Kok makin runyam sih? Kalau aku memilih menyatakan tidak bersalah aku harus ikut sidang di pengadilan untuk membuktikannya. Lagian kalau dirunut aku yang salah sih. Secara aku sudah membawa mobil tanpa identitas. Kalau nanti aku duduk di kursi pengadilan, nama papa pasti jadi buruk. Apa mau dikata anaknya Danrindam duduk di kursi pesakitan akibat tidak mau ditilang! Gak bagus juga. Ya sudahlah, tampaknya tak ada jalan untukku lagi. Menyerah sajakah?
“Ya udah saya pilih slip biru deh!” ucapku pasrah. Pak Nathan mengangguk-angguk. Dia sedikit berdiskusi dengan polwan wangi dan cantik yang kurasa wajahnya agak mirip itu.
“Baik kalau begitu, kendaraan ini akan kami tahan sampai suratnya ada. Selain itu, Adek harus membayar denda di BRI yang sudah kami tentukan. Semakin cepat Adek menyelesaikan administrasi, masalah juga akan cepat selesai,” jelas Pak Nathan tegas lagi.
“Terima kasih, Pak,” ujarku sambil melangkah gontai ke trotoar di pinggir jalan.
Aku menyerahkan kunci mobil ke pak polisi beraroma parfum maskulin itu. membiarkan mobil kuning itu diamankan mereka. Aku menatap lesu layar ponsel setelah melapor kepada mama dan bingung harus apa. Ya, aku harus menelepon biang kerok alias tersangka utama penyebab aku tertilang ini. Siapa lagi kalau bukan Kak Aiyra Sybilla, cewek manja dan ceroboh.
“Halo Dek, kamu dimana sih? Kakak tuh sampai jamuran nunggu kamu nih. Lama banget sih!” keluhan yang membuatku ingin makan peluru.
“Halo halo, Kakak tuh yang kesini sekarang! Bawa dompetku yang di dalam tas Kakak! Bawa ke depan Polres!” balasku super sinis dan judes.
“Emangnya ngapain kamu ke situ? Gak mau pokoknya Ara ke sini sekarang!” Ya Salaam masih ngajak debat lagi.
“Aku ditilang, Kak. Mobil ditahan. Gegara aku gak bawa SIM dan KTP! STNK juga di dompetku. Dan dompetku tertukar sama dompet anehmu!” jelasku sambil menggertakkan gigi geligiku.
“Apa…” jawabnya lemas di seberang. Time is over, Kakak! Bisa gak sih pindah tempat ke sini, right now!!!

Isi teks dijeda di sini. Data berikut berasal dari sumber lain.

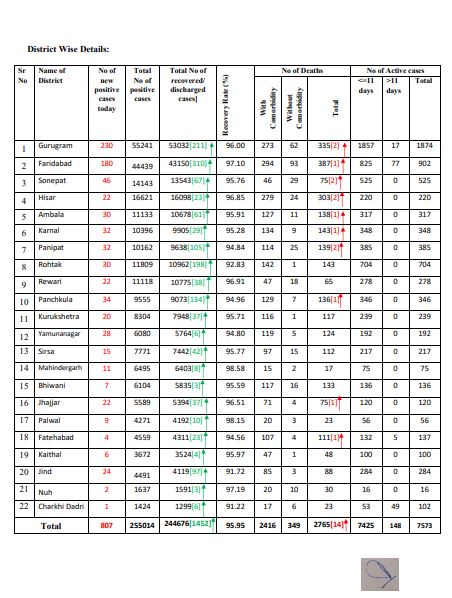 haryana-coronavirus-case-latest-update-16-december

Hatiku berdegup kencang saat melihat pak polisi berwajah ganteng dan beraroma wangi itu. Kukira karena jatuh cinta, ternyata karena aku sedang kena tilang. Dih, jadi degupan cinta itu mirip kayak degupan tadi? Sumpah ya baru kali ini kurasakan waktu melambat, aku terpaku pada satu titik tanpa bisa beranjak. Aku juga bisa mendengar dengan jelas suara degup jantungku. Apa aku jatuh cinta? Enggak woy, aku jatuh sial kena tilang gegara Kak Aiyra!